Exercise description
Everything below from the line with "IN license plate 027EFZ" through the line with "Bekuk Semen Padang, Persebaya" should be copied exactly, and nothing else; leave out the pictures.

Provided data
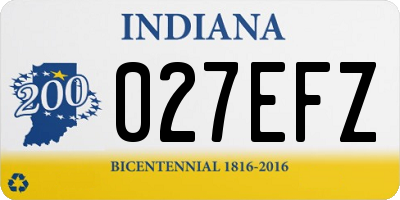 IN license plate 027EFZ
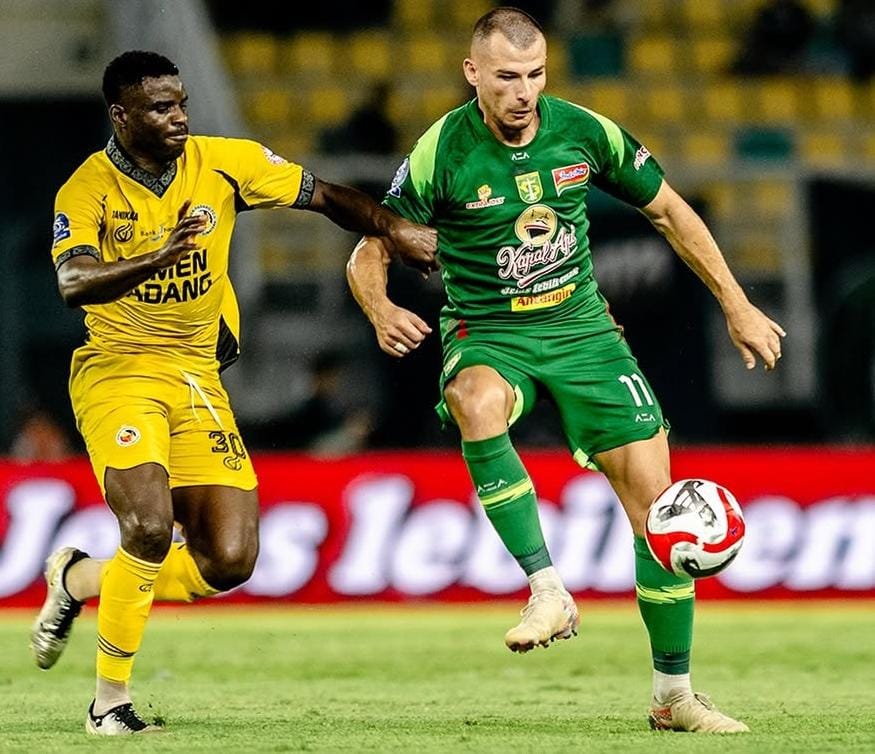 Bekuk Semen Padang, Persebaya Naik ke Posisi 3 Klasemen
==
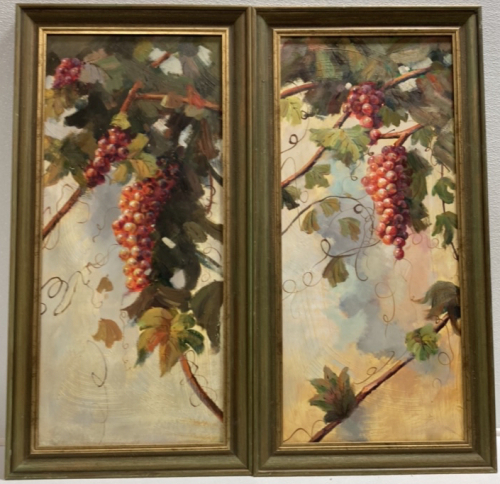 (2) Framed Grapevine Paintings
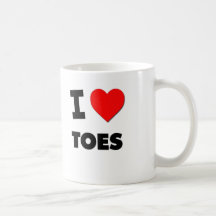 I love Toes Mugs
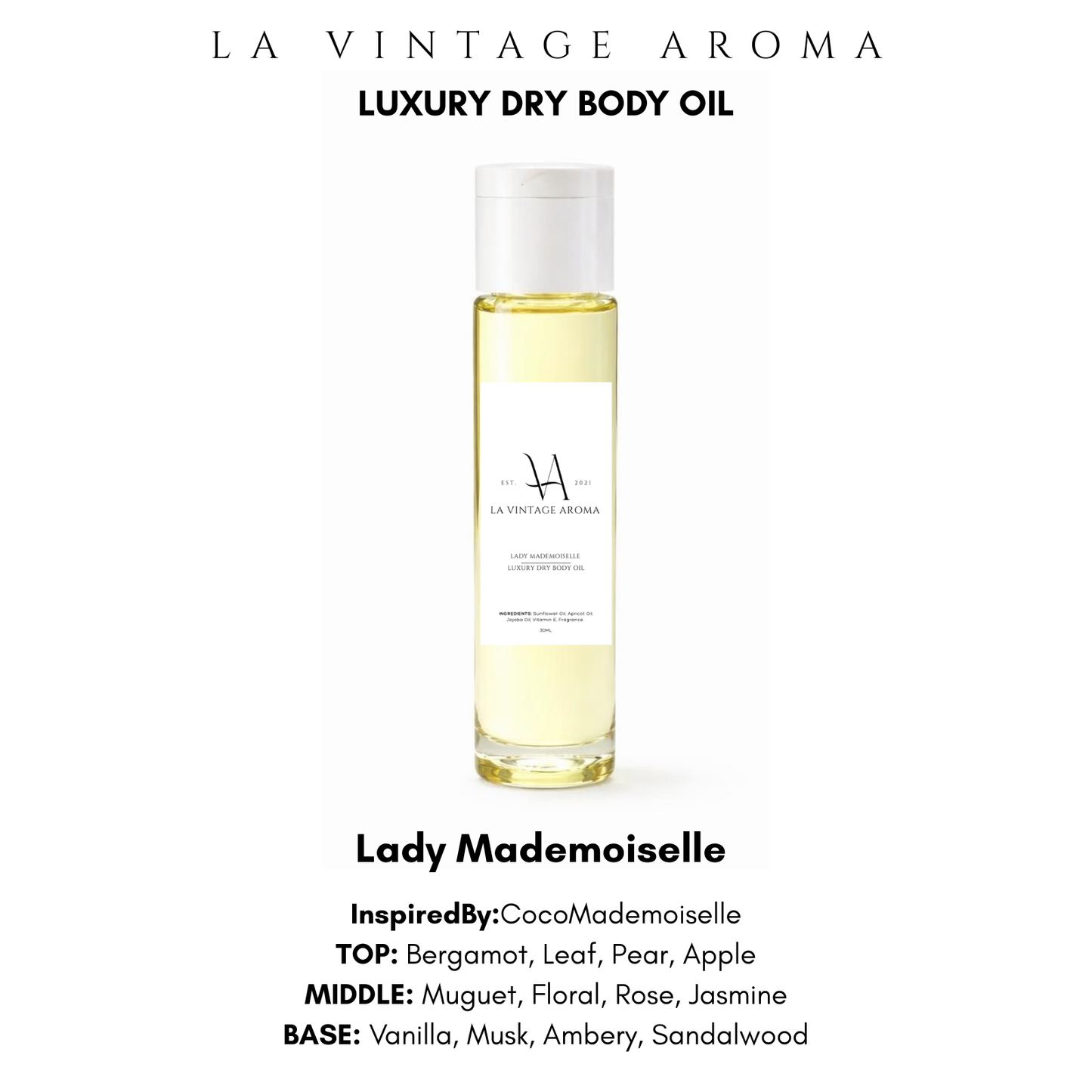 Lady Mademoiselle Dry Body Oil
==
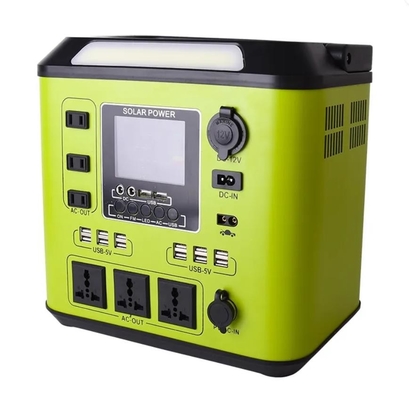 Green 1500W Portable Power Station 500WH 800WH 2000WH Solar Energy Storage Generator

Worked solution
 IN license plate 027EFZ
 Bekuk Semen Padang, Persebaya Naik ke Posisi 3 Klasemen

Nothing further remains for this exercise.